• Extracted data entries:
____
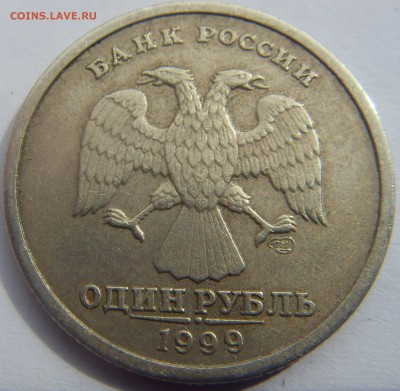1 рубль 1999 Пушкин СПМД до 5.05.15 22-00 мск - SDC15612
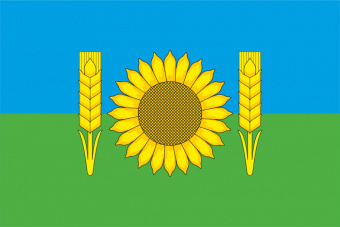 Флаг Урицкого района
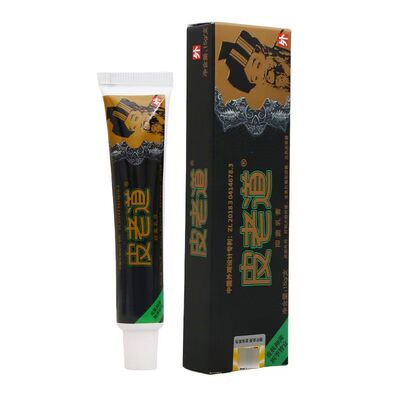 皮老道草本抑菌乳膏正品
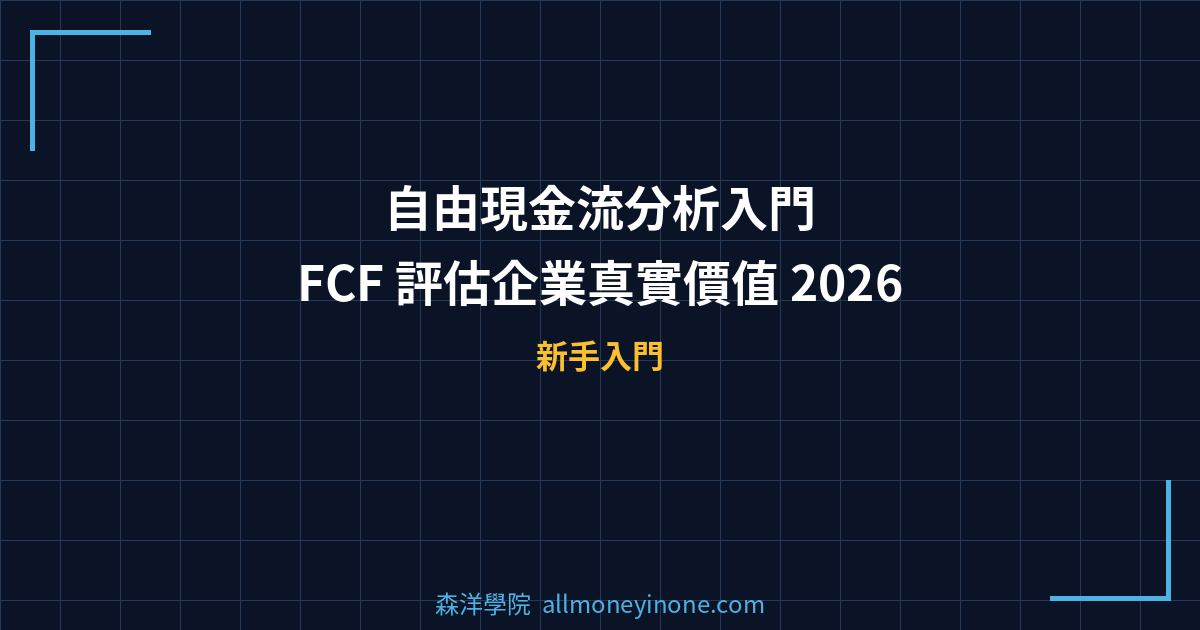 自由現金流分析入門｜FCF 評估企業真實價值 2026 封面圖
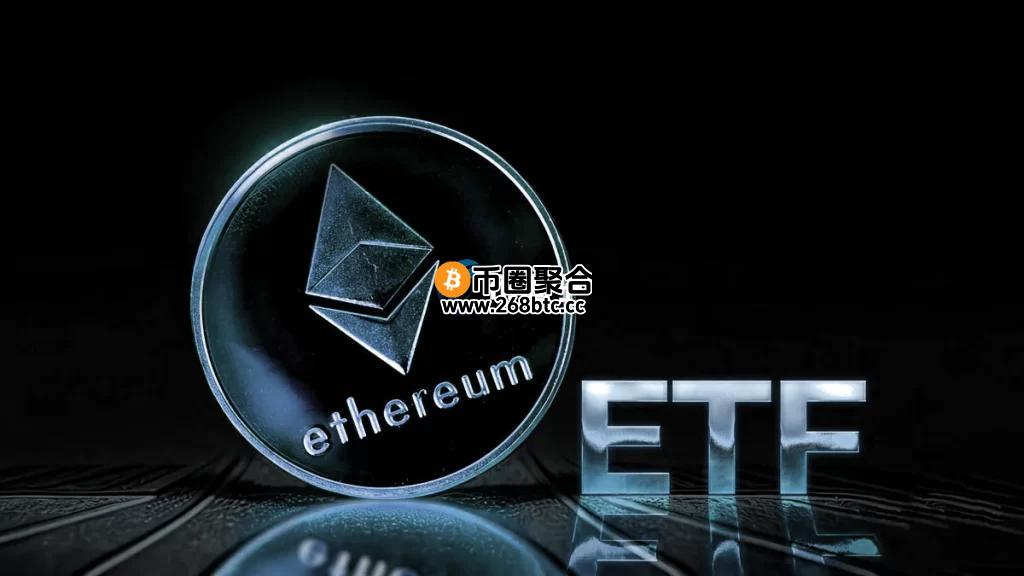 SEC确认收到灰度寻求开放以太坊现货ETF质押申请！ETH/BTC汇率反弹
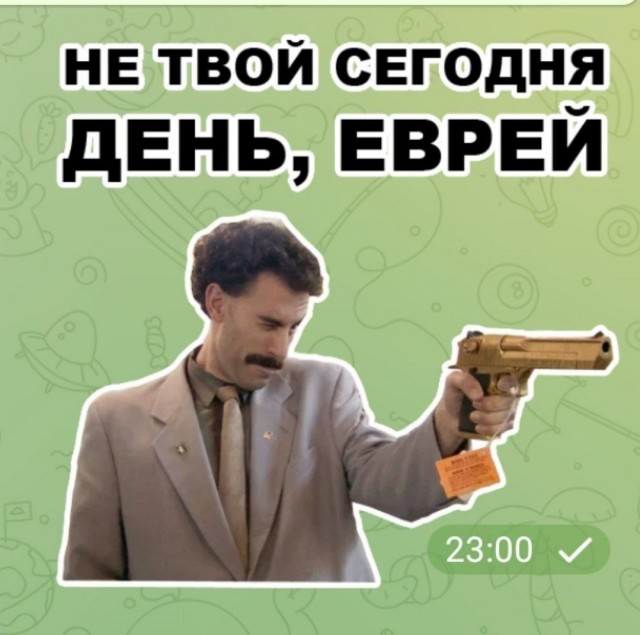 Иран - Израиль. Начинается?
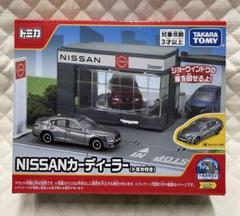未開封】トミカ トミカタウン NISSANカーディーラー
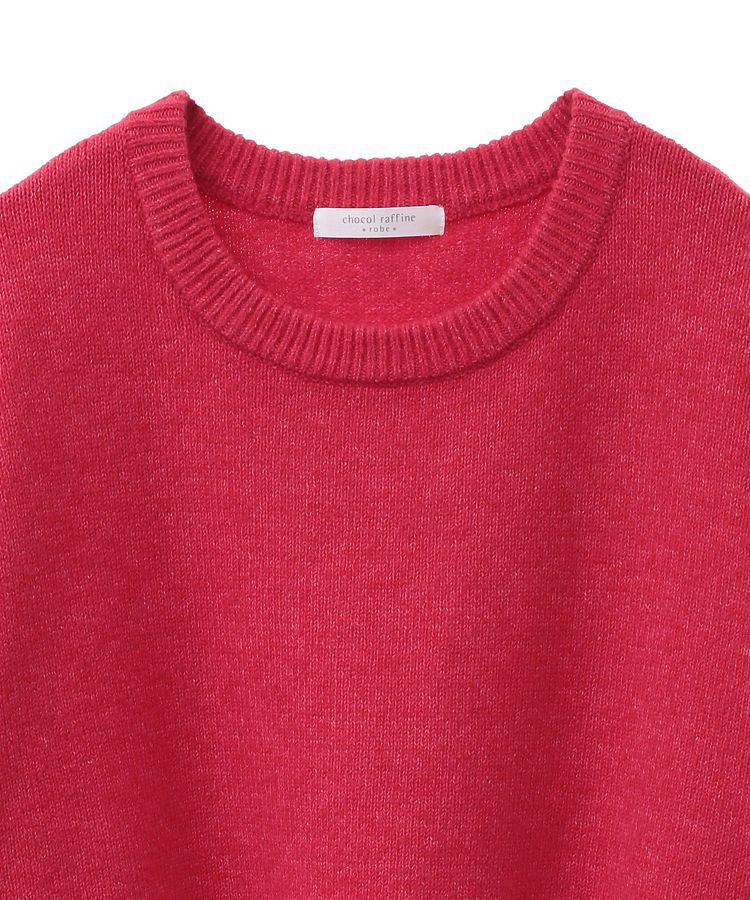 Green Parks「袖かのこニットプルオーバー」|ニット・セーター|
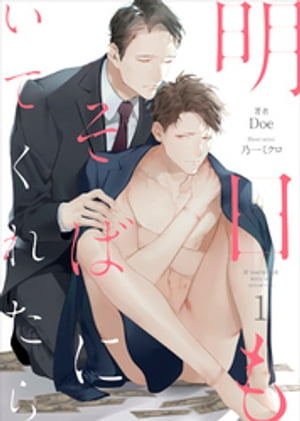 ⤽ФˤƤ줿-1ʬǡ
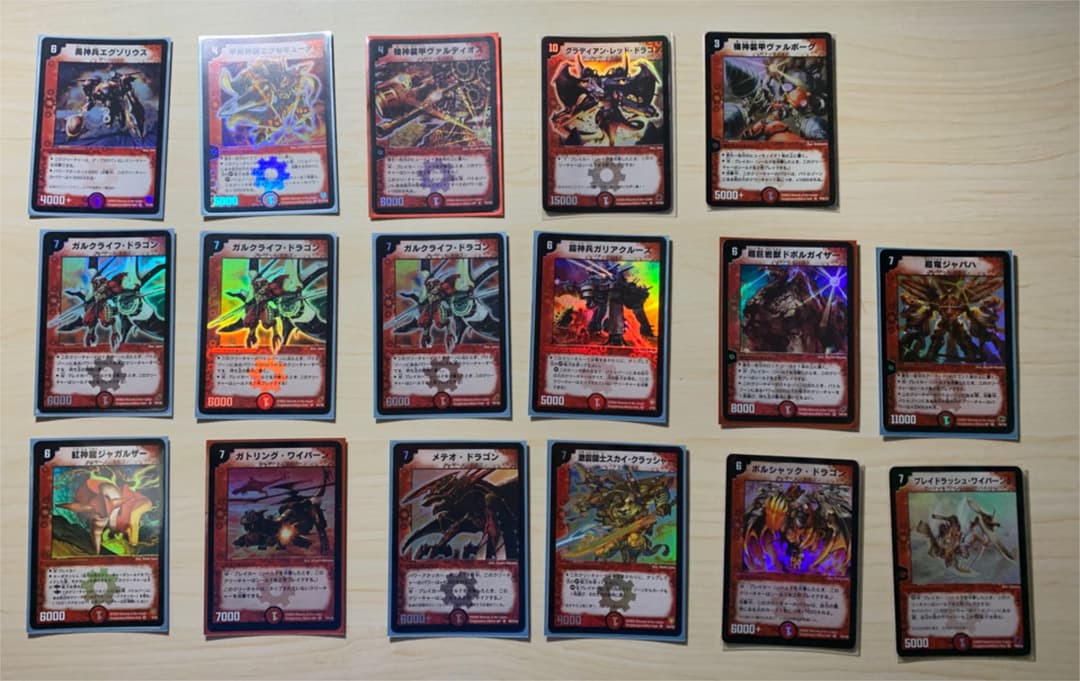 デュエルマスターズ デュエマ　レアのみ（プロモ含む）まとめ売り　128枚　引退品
____
• AIM OF THE EXERCISE:
The entries above are to be repeated exactly, except for any pictures.

• REPLY:
1 рубль 1999 Пушкин СПМД до 5.05.15 22-00 мск - SDC15612
 Флаг Урицкого района
 皮老道草本抑菌乳膏正品
 自由現金流分析入門｜FCF 評估企業真實價值 2026 封面圖
 SEC确认收到灰度寻求开放以太坊现货ETF质押申请！ETH/BTC汇率反弹
 Иран - Израиль. Начинается?
未開封】トミカ トミカタウン NISSANカーディーラー
 Green Parks「袖かのこニットプルオーバー」|ニット・セーター|
 ⤽ФˤƤ줿-1ʬǡ
 デュエルマスターズ デュエマ　レアのみ（プロモ含む）まとめ売り　128枚　引退品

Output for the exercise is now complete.